* **Work instructions**:
Using the records below, give again exactly the lines from the line that contains "dependent variable (y)." through the line that contains "2 Tone Unisex Personalised Slogan Cap", both ends included, and only those.

* **Recorded information**:
____
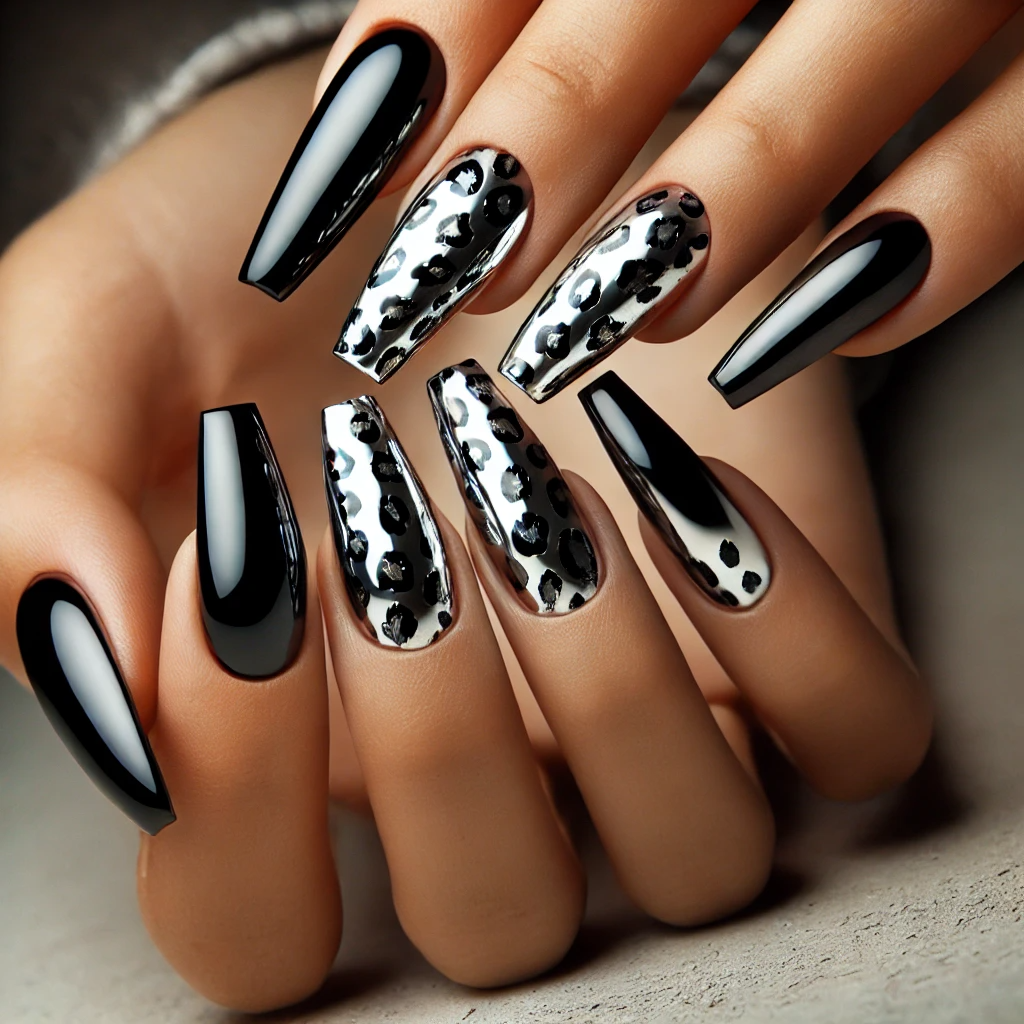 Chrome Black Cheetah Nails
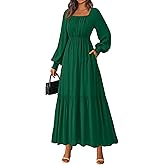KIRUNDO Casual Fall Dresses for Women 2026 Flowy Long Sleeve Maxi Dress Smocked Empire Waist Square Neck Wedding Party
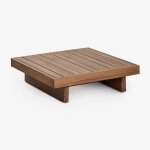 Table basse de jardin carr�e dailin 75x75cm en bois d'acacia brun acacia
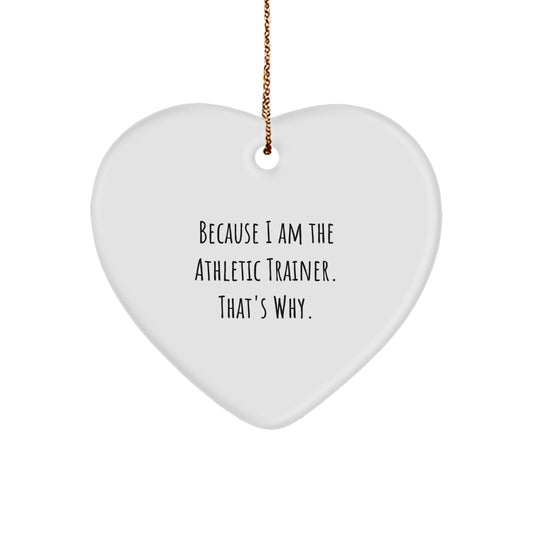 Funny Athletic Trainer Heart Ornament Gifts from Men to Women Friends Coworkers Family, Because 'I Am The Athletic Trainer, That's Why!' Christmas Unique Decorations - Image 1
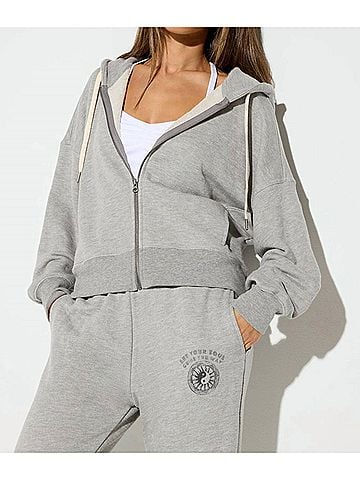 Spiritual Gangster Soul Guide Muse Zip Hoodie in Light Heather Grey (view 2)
____
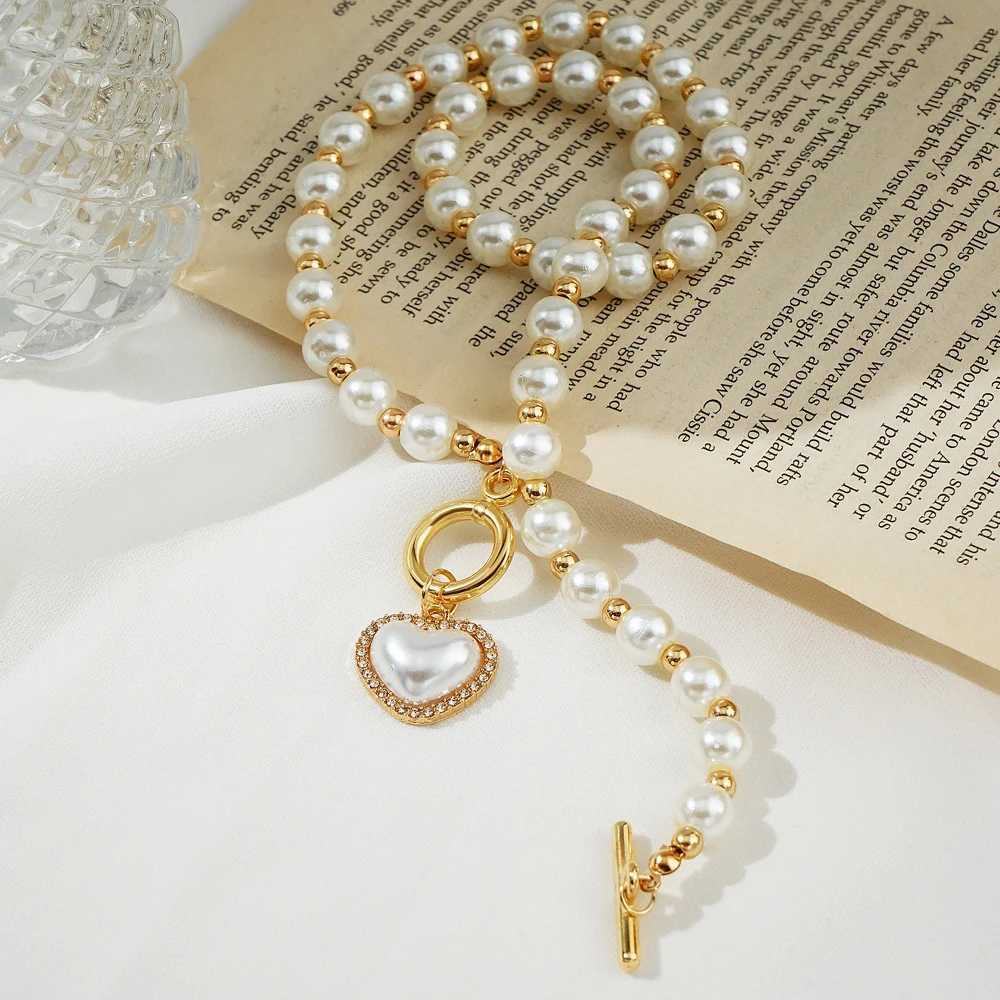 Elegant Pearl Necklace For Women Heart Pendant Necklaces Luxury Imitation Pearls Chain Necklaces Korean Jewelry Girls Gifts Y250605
____
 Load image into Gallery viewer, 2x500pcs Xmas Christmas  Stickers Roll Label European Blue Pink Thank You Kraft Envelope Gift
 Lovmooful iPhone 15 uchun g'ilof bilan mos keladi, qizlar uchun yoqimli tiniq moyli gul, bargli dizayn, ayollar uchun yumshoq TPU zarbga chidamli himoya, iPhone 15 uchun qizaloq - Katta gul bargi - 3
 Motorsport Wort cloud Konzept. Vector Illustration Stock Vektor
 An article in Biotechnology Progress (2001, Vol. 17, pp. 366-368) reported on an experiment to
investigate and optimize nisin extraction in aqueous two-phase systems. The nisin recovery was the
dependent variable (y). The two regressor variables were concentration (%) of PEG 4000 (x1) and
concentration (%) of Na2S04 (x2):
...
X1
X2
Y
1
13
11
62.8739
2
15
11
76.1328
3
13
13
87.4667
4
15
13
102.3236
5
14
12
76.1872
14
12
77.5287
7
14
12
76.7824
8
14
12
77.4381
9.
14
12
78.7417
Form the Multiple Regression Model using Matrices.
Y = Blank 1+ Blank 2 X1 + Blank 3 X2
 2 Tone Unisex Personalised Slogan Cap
____
* **Exercise answer**:
dependent variable (y). The two regressor variables were concentration (%) of PEG 4000 (x1) and
concentration (%) of Na2S04 (x2):
...
X1
X2
Y
1
13
11
62.8739
2
15
11
76.1328
3
13
13
87.4667
4
15
13
102.3236
5
14
12
76.1872
14
12
77.5287
7
14
12
76.7824
8
14
12
77.4381
9.
14
12
78.7417
Form the Multiple Regression Model using Matrices.
Y = Blank 1+ Blank 2 X1 + Blank 3 X2
 2 Tone Unisex Personalised Slogan Cap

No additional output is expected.